Islamo-Biblica in Tarikh II -1200 CE-1500 CE




Islamo-Biblica in Tarikh II -1200 CE-1500 CE

∎ The Ḥanbalī preacher of Baghdad Abu’l‑Faraj Ibn al‑Jawzī (d.597/1200


∎  The Historical Compendium of Rashīd al-Din  Fadl-Allah (d. 718/1318)

 Bypassing the Persian general history entitled Mujmal al‑tavarīkh wa’l‑qiṣaṣ (Compendium of Histories and the Prophets; written around 520/1126) which sums up historical data from many previous Persian and Arabic sources and the historical works of the jurisconsult, historian and Ḥanbalī preacher of Baghdad Abu’l‑Faraj Ibn al‑Jawzī (d.597/1200) it will be important to mention the Jewish convert to Islam and physician to certain Mongol Sulṭāns, Rashīd al‑Dīn Faḍl‑Allāh (d. 718/1318). He composed an extensive Arabic and Persian Jāmi` al‑tawārīkh  (Assembling of Histories) which is a wide ranging general history of the world from "the earliest beginnings" (Storey, 1/II:72ff). Schwartzbaum refers to this work as a "turning point in Islamic presentation of Biblical history and Biblical heroes".  Its author was "reared in Jewish Orthodox tradition, and nurtured upon the vast Talmudic‑Midrashic‑Aggadah". His history has a detailed section dealing with the history of the "Children of Israel" (Banū Isrā’īl) and covering both the biblical and post‑biblical periods. He was "the first Islamic historian who draws on the Hebrew text of the Bible, being well‑versed in the Hebrew language" (Schwartzbaum 1982: 42‑3, fn. 98,141).

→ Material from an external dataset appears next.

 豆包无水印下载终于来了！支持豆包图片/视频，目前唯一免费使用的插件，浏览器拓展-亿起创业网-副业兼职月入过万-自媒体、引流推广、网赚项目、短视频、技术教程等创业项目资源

∎ `Izz al‑Dīn Ibn al‑Āthīr (630/1233)

 Several important histories written during the Ilkhānid (Mongol) period (1256‑1335 CE) commence with Adam and the pre‑Islamic prophets1 cannot be summarized here though the contribution of  `Izz al‑Dīn Ibn al‑Āthīr (630/1233) should be noted.  This writer viewed history as the "unfolding of God’s purposes"  for humankind (Richards, EIr. VII:671‑2) and authored an important universal history entitled al‑Kāmil fī’l‑tārīkh (The Complete History) ending at 628/1231. Much indebted to Ṭabarī, Rosenthal has pointed out that the pre‑Islamic portion of this "well balanced" history "deals with the creation of the world, Biblical history (which is synchronized with that of the Persians), and the stories of Christians, saints, and pre‑Islamic Arabs." (Rosenthal1968:146).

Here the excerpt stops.